Aufregung in Salzburg. Vordergründig geht es um die Kehlkopfentzündung von Anna Netrebko, die den Festspielen zu schaffen macht. Insgesamt geht es aber um eine durchaus ernsthafte Frage: Wie stark soll solch ein Festival auf Stars setzen?

Moderation: Karin Fischer | 07.08.2007
    Karin Fischer: Ein kurzer Rückblick. Noch vor Beginn der Salzburger Festspiele hatte der Tenor Neil Shicoff abgesagt. Nachdem er als Chef der Wiener Staatsoper durchgefallen war, brauche er eine Auszeit, so die Begründung. Auch Startenor Rolando Villazón hat eine schwere Krise zu verkraften, er kann gar nicht singen. Elina Garanca ist in Salzburg gar nicht erst angetreten, weil sie nicht neben der Netrebko singen wollte. Die Mezzosopranistin Vesselina Kasarova ist schwer gestürzt, und jetzt machen eben auch Netrebkos Stimmbänder nicht mehr mit, woran Festspiel-Präsidentin Helga Rabl-Stadler aber nicht ganz zu glauben scheint, weshalb sich die russische Diva mit der Festspielleitung nun einen kleinen Krieg über die Presse liefert. Und jetzt kommt die Frage an Gerbert Schwaighofer: Wie schlimm sind denn all diese Absagen für ein Festival für Salzburg?

    Gerbert Schwaighofer: Die sind natürlich bedauerlich aus dem einfachen Grund, weil wir ja das anbieten unseren Gästen und die ja auch herkommen mit der Vorstellung, dem Wunsch, der Hoffnung, diese Künstler auch sehen zu können. Also das ist einmal das Primärste. Und daher möchten wir schon aus Treue und Verständnis gegenüber dem Publikum unser Versprechen halten.

    Fischer: Heißt das dann aber nicht, dass die Festspiele auch im Moment über eine Latte stolpern, die sie sich selbst aufgehängt haben, und zwar ziemlich hoch. Hat sich da etwas verselbstständigt, was man als Starkult bezeichnet?

    Schwaighofer: Also das glaube ich nicht, weil die Festspiele über alle Jahrzehnte hinweg immer die besten Sänger und Sängerinnen und Künstler und Dirigenten und alles zusammen hier vor Ort versammelt haben. In unserer Mediengesellschaft fällt jetzt vielleicht der eine oder andere Name mehr, als das bisher der Fall war, aber bei uns war immer ein reiches Angebot qualitätsvollster Künstler, und manche haben einen Starcharakter und andere nicht, obwohl sie genauso gut sind.

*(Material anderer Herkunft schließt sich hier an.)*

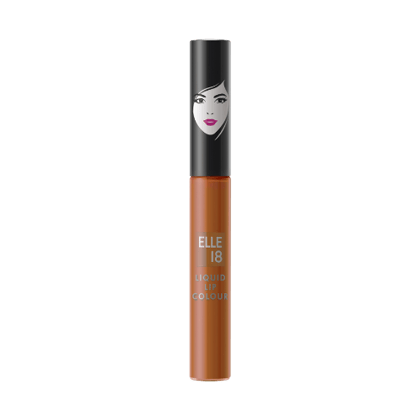 Elle 18 Liquid Lip Color Brown Break 5.6ml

    Fischer: Na ja, Jürgen Flimm hat den Vorgang ja schon so kommentiert, es sei wohl mal an der Zeit, ein bisschen mehr wieder über die Kunst nachzudenken statt über den Kommerz. Und er hat mit den beiden viel gelobten Opern "Armida" und "Eugen Onegin" ja auch nicht jetzt auf die Stars gesetzt, sondern vielleicht mehr aufs Regietheater. Er bindet auch jüngere Regisseure ein wie Falk Richter oder Christoph Stölzl. Ist das vielleicht ein Plädoyer schon für eine neue inhaltliche Auseinandersetzung mit der Oper, jenseits der Big Names?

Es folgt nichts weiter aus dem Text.